Regular Expressions | Discrete Mathematics Cheat Sheet

Definition

A regular expression (regex) describes a pattern for matching strings.

Building Blocks

Expression	Matches
$\emptyset$	Nothing (empty language)
$\epsilon$	Empty string only
$a$ (symbol)	Just the string "a"

Operations

Operation	Notation	Meaning
Union	$R_1 \cup R_2$ or $R_1	R_2$
Concatenation	$R_1 R_2$	$R_1$ followed by $R_2$
Kleene Star	$R^*$	Zero or more of $R$

Precedence (highest to lowest)

Kleene star (*)
Concatenation
Union (|)

Use parentheses to override.

Examples

Basic Patterns

Regex	Language
$a$	$\{a\}$
$ab$	$\{ab\}$
$a \cup b$	$\{a, b\}$
$a^*$	$\{\epsilon, a, aa, aaa, \ldots\}$
$(ab)^*$	$\{\epsilon, ab, abab, \ldots\}$
$a^b^$	$\{a^i b^j \mid i, j \geq 0\}$
$(a \cup b)^*$	All strings over $\{a, b\}$

More Complex Examples

Regex	Description
$(0 \cup 1)^* 1$	Binary strings ending in 1
$0^* 1 0^*$	Exactly one 1
$(0 \cup 1)^* 00 (0 \cup 1)^*$	Contains 00
$(01 \cup 10)^*$	Alternating, starting with 0 or 1
$1^* (01^+ )^*$	No consecutive 0s

Additional Operators

These are shorthand (not fundamental):

Operator	Meaning	Equivalent
$R^+$	One or more	$RR^*$
$R?$	Zero or one	$R \cup \epsilon$
$R\{n\}$	Exactly $n$	$RR\cdots R$ ( $n$ times)
$R\{n,m\}$	Between $n$ and $m$	—
$[abc]$	Character class	$a \cup b \cup c$
$.$	Any character	$\Sigma$

Equivalence with Finite Automata

Theorem (Kleene)

A language is regular if and only if it can be described by a regular expression.

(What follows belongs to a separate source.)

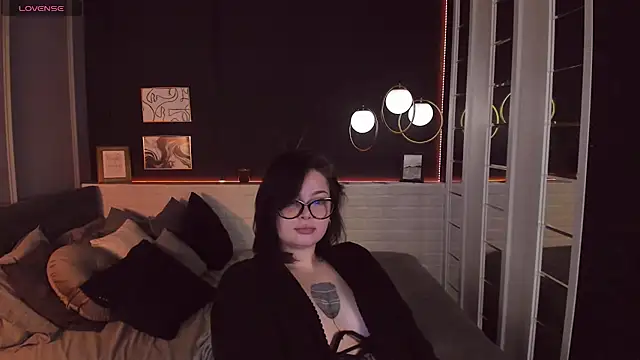 Mayayammy online show from 12-14-24, 02:53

Regular expressions ↔ NFAs ↔ DFAs

All three describe exactly the regular languages.

Regex to NFA

Thompson's Construction

Base cases:

$\epsilon$ :

→(i)──ε──→((f))

$a$ :

→(i)──a──→((f))

Union ( $R_1 \cup R_2$ ):

        ε     [N1]     ε
→(i)──────→       ──────→((f))
        ε     [N2]     ε

Concatenation ( $R_1 R_2$ ):

→(i)──→[N1]──→[N2]──→((f))

Kleene Star ( $R^*$ ):

        ε
→(i)──────────────────→((f))
     ε      ε
     ↓      ↑
    [N]──→──┘

NFA to Regex

State Elimination Method

Add new start and accept states
Eliminate states one by one
Update edge labels with regex
Final edge label is the regex

Algebraic Properties

Identities

$R \cup \emptyset = R$ $R \cdot \epsilon = \epsilon \cdot R = R$ $R \cdot \emptyset = \emptyset \cdot R = \emptyset$ $R \cup R = R$ $(R^*)^* = R^*$ $\emptyset^* = \epsilon$ $\epsilon^* = \epsilon$

Distributive Laws

$R(S \cup T) = RS \cup RT$ $(R \cup S)T = RT \cup ST$

Arden's Lemma

If $X = AX \cup B$ where $\epsilon \notin L(A)$ , then: $X = A^* B$

Useful for converting DFAs to regex.

Practical Regex (Programming)

Modern regex engines add features beyond regular languages:

POSIX Character Classes

\d = digit = [0-9]
\w = word character = [a-zA-Z0-9_]
\s = whitespace

Anchors

^ = start of string
$ = end of string
\b = word boundary

Backreferences

(.)\1 matches repeated character (NOT regular!)

Lookahead/Lookbehind

(?=...) = positive lookahead
(?!...) = negative lookahead

Common Patterns

Pattern	Regex
Email	`[\w.]+@[\w.]+\.\w+`
Phone (US)	`\d{3}-\d{3}-\d{4}`
IP address	`\d{1,3}(\.\d{1,3}){3}`
Integer	`-?[0-9]+`
Identifier	`[a-zA-Z_][a-zA-Z0-9_]*`

Limitations

Regular expressions cannot match:

Balanced parentheses: $\{a^n b^n\}$
Palindromes
Nested structures
Anything requiring counting or memory

For these, use context-free grammars/parsers.